* **Problem description**
From the listing below, return each line that includes "Mazda".

====== Materials provided

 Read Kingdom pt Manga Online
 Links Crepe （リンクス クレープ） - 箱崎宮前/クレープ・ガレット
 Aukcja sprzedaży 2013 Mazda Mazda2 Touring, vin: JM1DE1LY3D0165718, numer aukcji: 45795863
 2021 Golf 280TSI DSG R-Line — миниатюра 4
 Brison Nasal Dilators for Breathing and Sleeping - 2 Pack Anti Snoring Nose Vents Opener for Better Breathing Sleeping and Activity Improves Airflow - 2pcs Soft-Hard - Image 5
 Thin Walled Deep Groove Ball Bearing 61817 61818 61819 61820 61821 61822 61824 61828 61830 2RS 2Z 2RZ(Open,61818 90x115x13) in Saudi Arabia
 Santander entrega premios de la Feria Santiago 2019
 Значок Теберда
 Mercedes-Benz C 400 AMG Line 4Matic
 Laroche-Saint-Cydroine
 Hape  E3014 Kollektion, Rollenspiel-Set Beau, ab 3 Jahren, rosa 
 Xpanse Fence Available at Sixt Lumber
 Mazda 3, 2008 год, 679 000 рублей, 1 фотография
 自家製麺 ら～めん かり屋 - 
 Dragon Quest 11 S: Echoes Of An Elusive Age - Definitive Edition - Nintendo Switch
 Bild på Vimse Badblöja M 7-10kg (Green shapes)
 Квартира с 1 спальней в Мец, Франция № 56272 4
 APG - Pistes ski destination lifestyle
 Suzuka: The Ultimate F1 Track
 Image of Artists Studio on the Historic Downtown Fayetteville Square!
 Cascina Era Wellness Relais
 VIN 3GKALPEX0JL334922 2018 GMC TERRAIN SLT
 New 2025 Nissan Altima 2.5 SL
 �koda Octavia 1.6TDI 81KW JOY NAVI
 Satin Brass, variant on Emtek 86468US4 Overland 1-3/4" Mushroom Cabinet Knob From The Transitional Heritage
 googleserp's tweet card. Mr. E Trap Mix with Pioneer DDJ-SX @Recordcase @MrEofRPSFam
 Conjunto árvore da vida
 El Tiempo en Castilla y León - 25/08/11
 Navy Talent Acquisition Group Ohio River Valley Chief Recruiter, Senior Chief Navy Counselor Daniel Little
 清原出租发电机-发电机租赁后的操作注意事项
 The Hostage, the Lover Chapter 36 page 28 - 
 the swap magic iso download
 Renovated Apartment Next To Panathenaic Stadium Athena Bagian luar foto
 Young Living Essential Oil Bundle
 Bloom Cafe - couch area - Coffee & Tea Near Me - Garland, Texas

============

* **Exercise output**
 Aukcja sprzedaży 2013 Mazda Mazda2 Touring, vin: JM1DE1LY3D0165718, numer aukcji: 45795863
 Mazda 3, 2008 год, 679 000 рублей, 1 фотография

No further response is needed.